Start of Dataset content

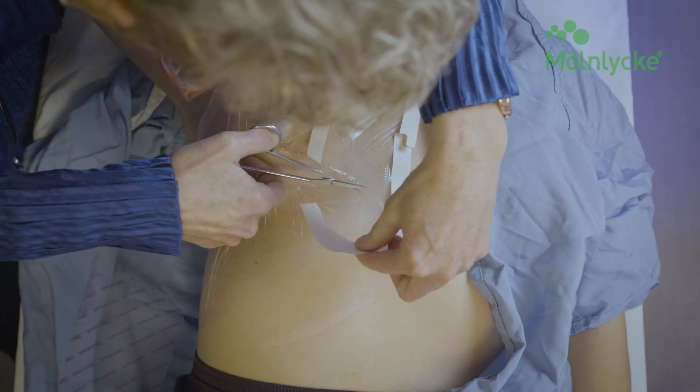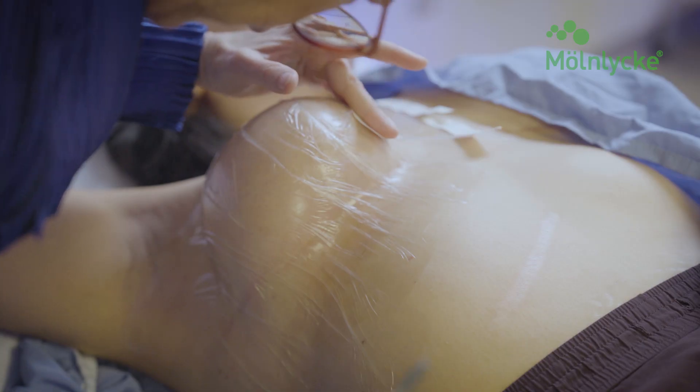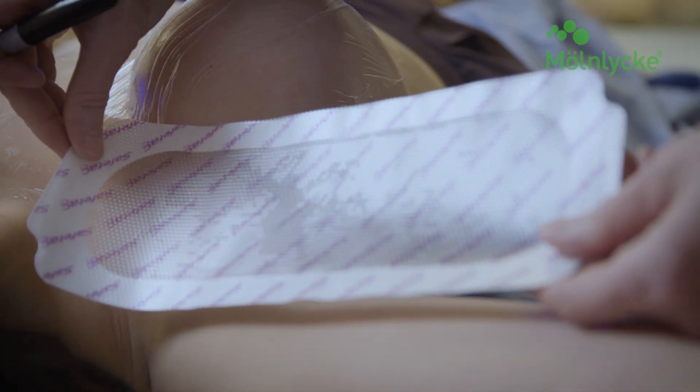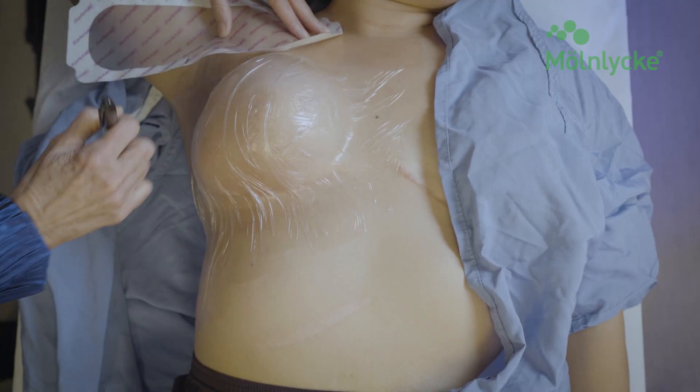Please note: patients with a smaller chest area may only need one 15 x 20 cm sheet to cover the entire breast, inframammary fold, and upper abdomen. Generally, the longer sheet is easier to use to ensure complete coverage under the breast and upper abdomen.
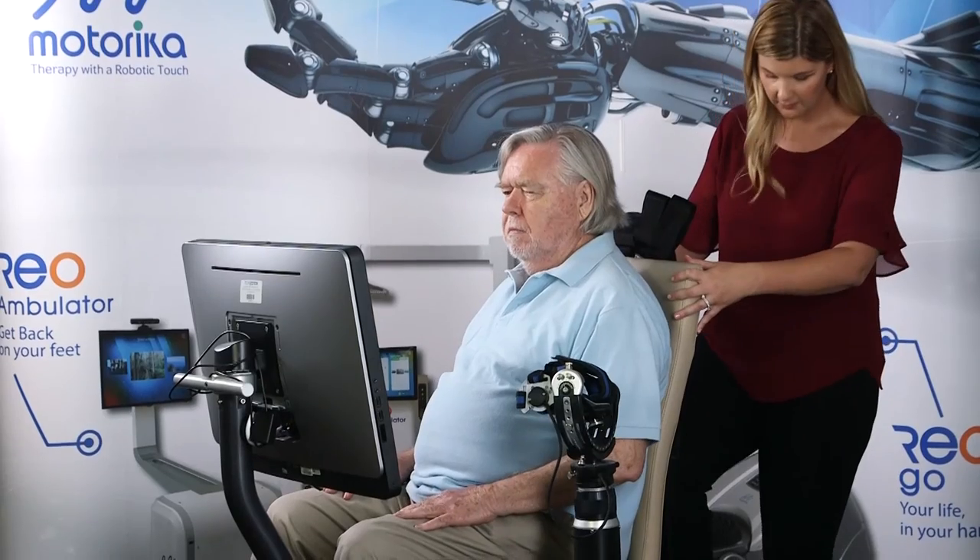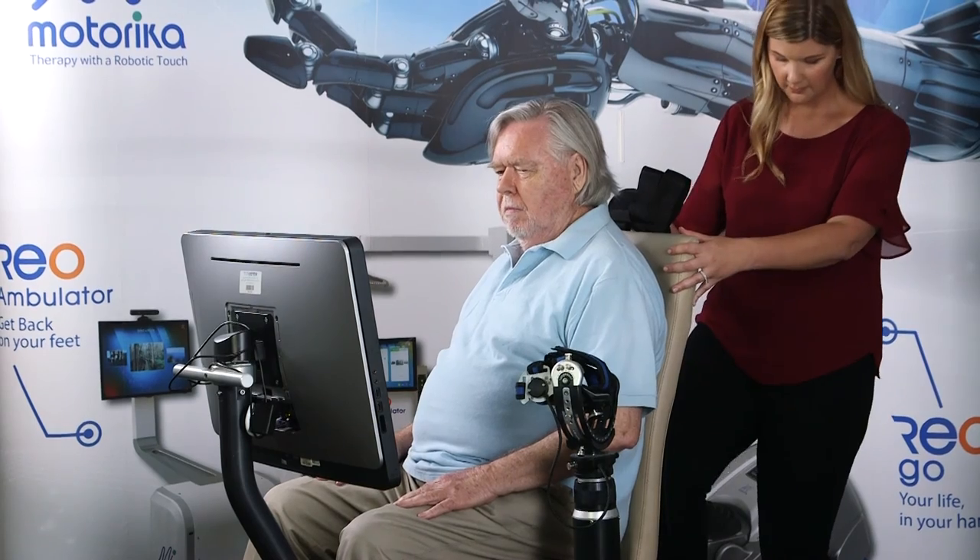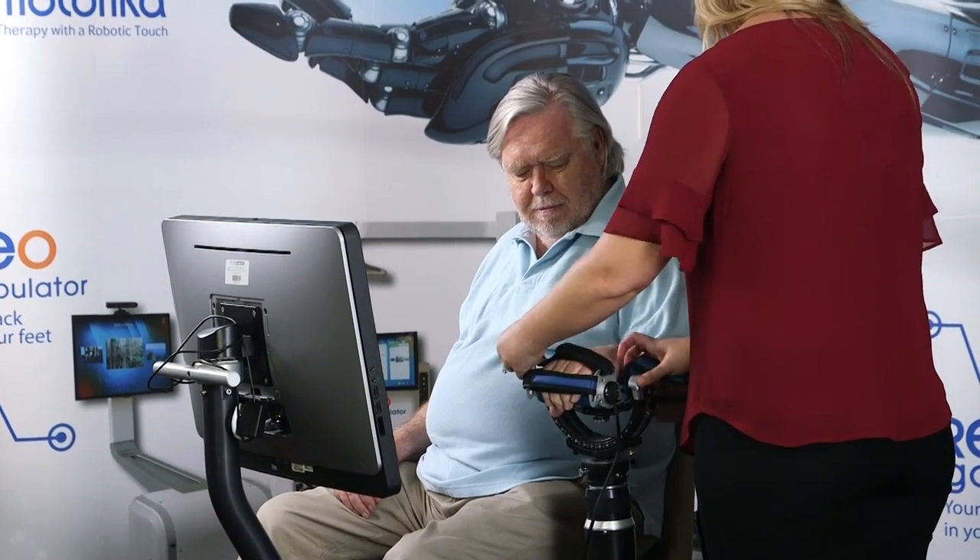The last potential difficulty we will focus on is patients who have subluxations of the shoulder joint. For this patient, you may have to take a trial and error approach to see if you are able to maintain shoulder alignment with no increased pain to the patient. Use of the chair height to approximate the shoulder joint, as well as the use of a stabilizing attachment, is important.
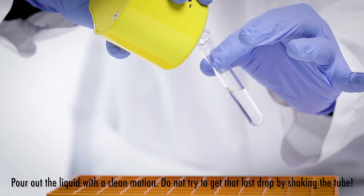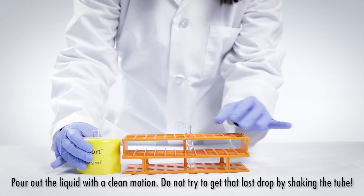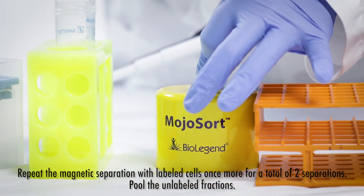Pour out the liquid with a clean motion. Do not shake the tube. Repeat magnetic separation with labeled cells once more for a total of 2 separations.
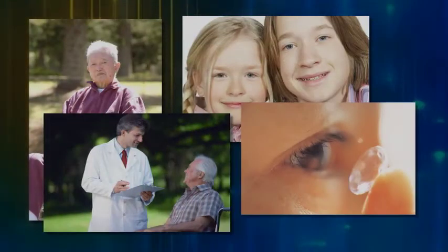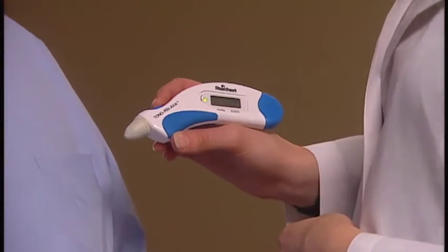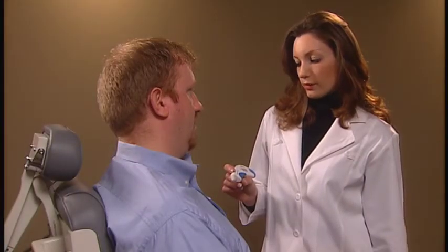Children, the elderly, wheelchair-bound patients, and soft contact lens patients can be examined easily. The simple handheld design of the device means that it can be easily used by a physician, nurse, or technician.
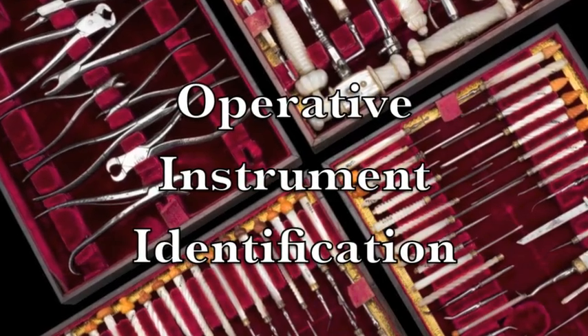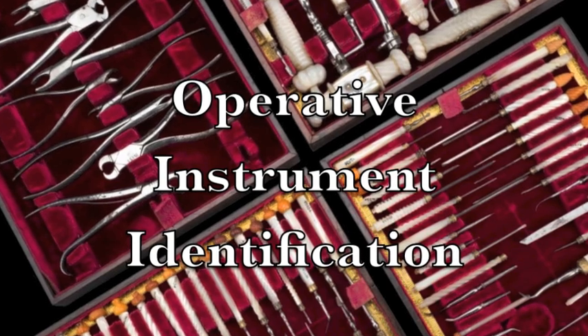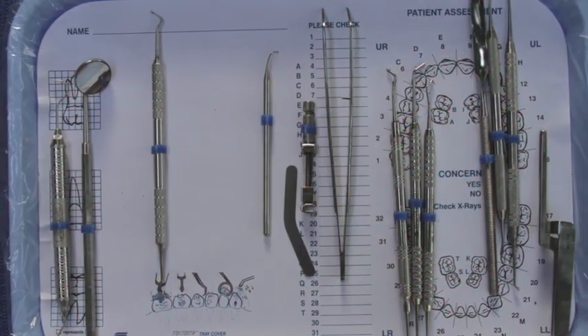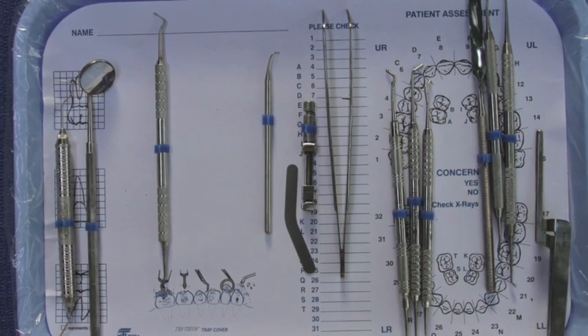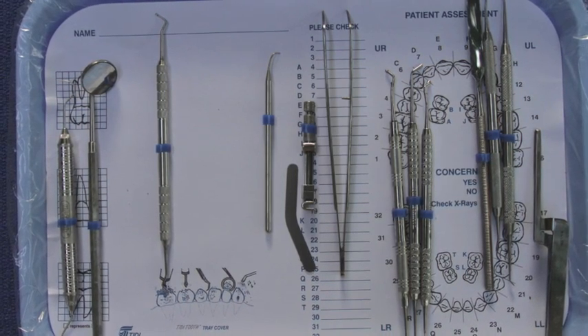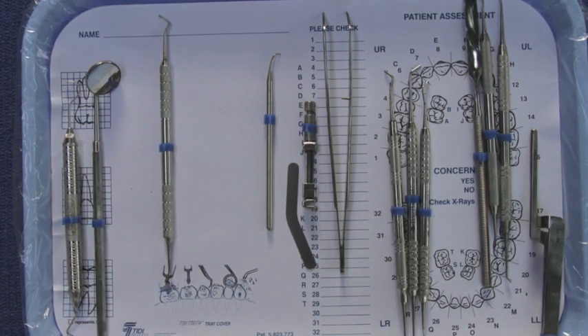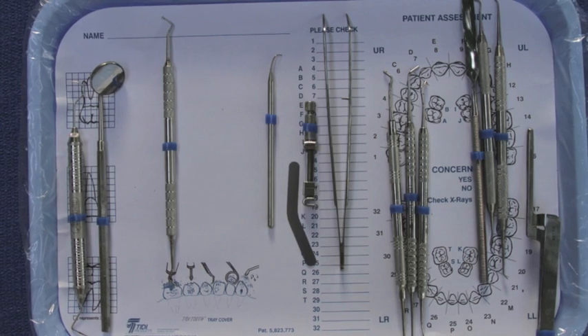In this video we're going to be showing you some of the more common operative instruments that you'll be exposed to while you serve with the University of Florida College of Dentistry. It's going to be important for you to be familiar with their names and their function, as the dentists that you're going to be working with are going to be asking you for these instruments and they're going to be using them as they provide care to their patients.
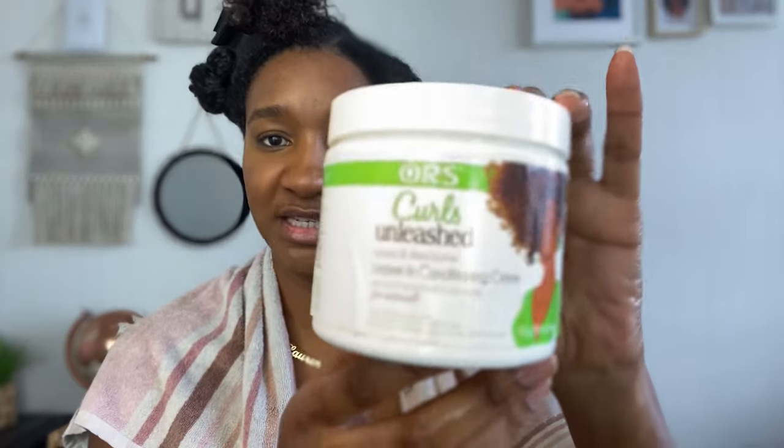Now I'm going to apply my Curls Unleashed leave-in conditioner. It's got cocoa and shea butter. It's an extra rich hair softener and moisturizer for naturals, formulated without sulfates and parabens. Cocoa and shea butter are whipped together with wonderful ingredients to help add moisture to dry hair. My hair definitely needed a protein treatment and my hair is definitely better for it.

End of Dataset content

Problem requirements
Extract exactly the lines from the one containing "Pour out the" through the last line of the records above, both included, and leave out the pictures.

Answer to the problem
Pour out the liquid with a clean motion. Do not shake the tube. Repeat magnetic separation with labeled cells once more for a total of 2 separations.
Children, the elderly, wheelchair-bound patients, and soft contact lens patients can be examined easily. The simple handheld design of the device means that it can be easily used by a physician, nurse, or technician.
In this video we're going to be showing you some of the more common operative instruments that you'll be exposed to while you serve with the University of Florida College of Dentistry. It's going to be important for you to be familiar with their names and their function, as the dentists that you're going to be working with are going to be asking you for these instruments and they're going to be using them as they provide care to their patients.
Now I'm going to apply my Curls Unleashed leave-in conditioner. It's got cocoa and shea butter. It's an extra rich hair softener and moisturizer for naturals, formulated without sulfates and parabens. Cocoa and shea butter are whipped together with wonderful ingredients to help add moisture to dry hair. My hair definitely needed a protein treatment and my hair is definitely better for it.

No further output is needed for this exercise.